You can safely assume that there will be SSD upgrade units available in the future but you can also safely assume that their prices will never be attractive.
Still, you can equip the laptop today with up to 16GB RAM and 1TB SSD and I would think that sufficient for most non-media-editing use cases even 5 years out.
From experience, I would say that Macs have a lot of "fringe benefits" as a commercial computer.
-The software is all incredibly easy to service. You could teach a middle school aged child to perform a clean wipe, reinstall Mac OS, restore from a Time Machine backup, and make sure that everything is updated, in about 15 minutes.
-Hundreds of thousands or millions of people have the same EXACT mac configuration as whatever mac you have, and a greater proportion of those users are digital professionals or other relatively sophisticated computer users, so if you are ever having any problem with a mac, you can google it and find 100 web pages describing the exact same problem on the exact same hardware with the exact same software and how to fix it.
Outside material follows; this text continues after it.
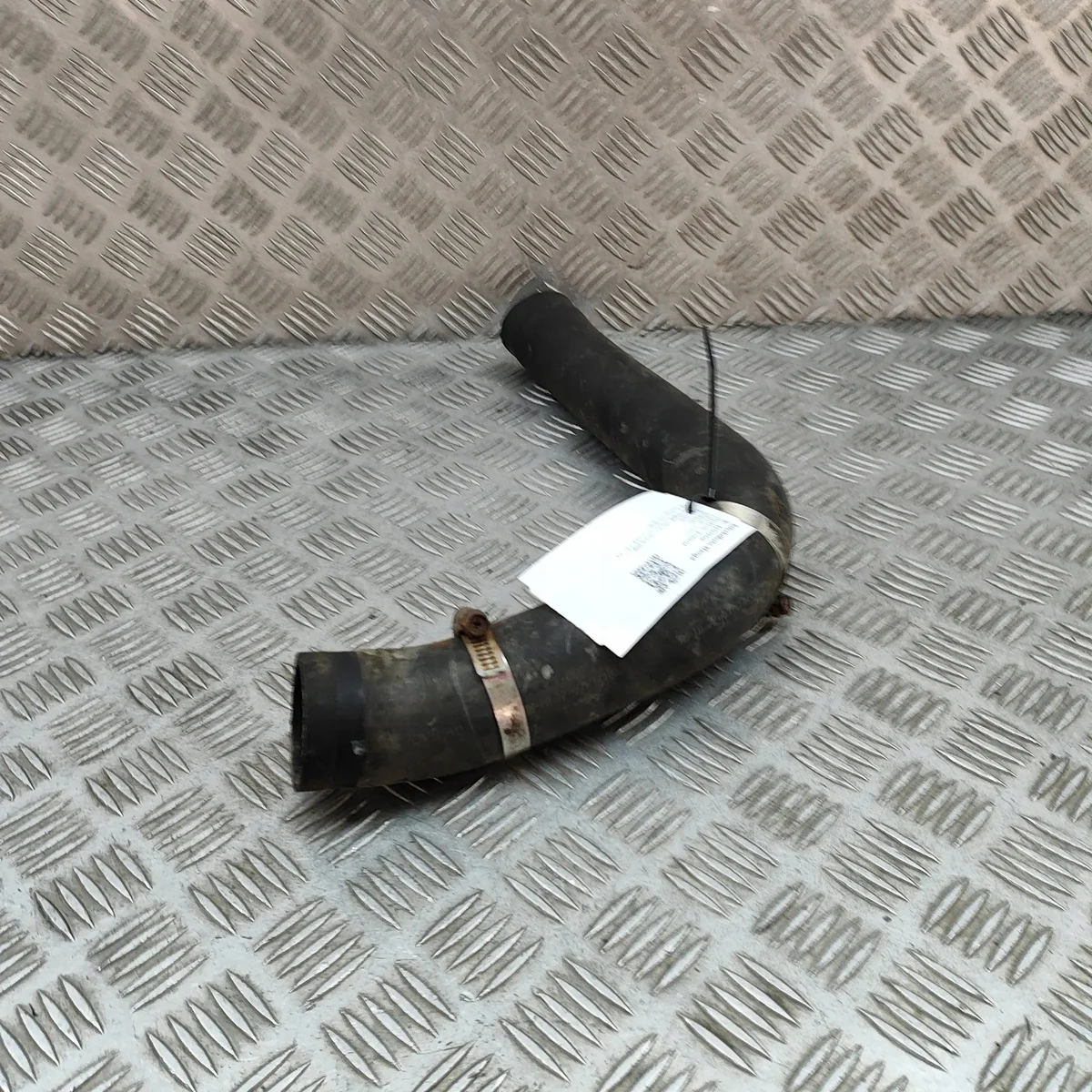 Rör intercooler Honda CR-V IV 17282R7CG51 image 5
PCs come out with all sorts of changes every few months based on what parts are available cheapest to the manufacturer, and there are more customization options, so its harder to find support that's as accurate and relevant.
-Most younger employees prefer them
-enclosures are more durable and take wear better than the plastic enclosures on other brands
-there is a unique serial number printed on the outside of every Mac that is much more resilient than the decals with similar info on PCs
-Only 2 different formats of power adapter to power any mac laptop of the past ~8 years
-standard MiniDP/Thunderbolt>X video adapters work for every mac from the last ~6 years
-Apple TV screen sharing is the most reliable way to get your desktop up on a TV or projector without plugging in
-Time Machine is reliable and more user-friendly than any backup solution available on Windows (and user-friendliness is a big factor in whether your employees will actually perform backups)
-Mac OS whole disk encryption and Time Machine backup encryption are more reliable and user friendly than any comparable solution available on Windows
My company used to use Dells and it was a nightmare whenever I had to reformat one. I could use the "Dell Service Tag" to look up what drivers applied to that model of laptop but it wasn't down to the specific parts in my specific machine, it was only down to the drivers for all parts available for the model, so I had to figure out what components were actually inside the computer. And then I had to manually install the drivers one at a time. In a specific order lest I have to start over. With Macs I just create a USB bootable install drive and I'm 99% done.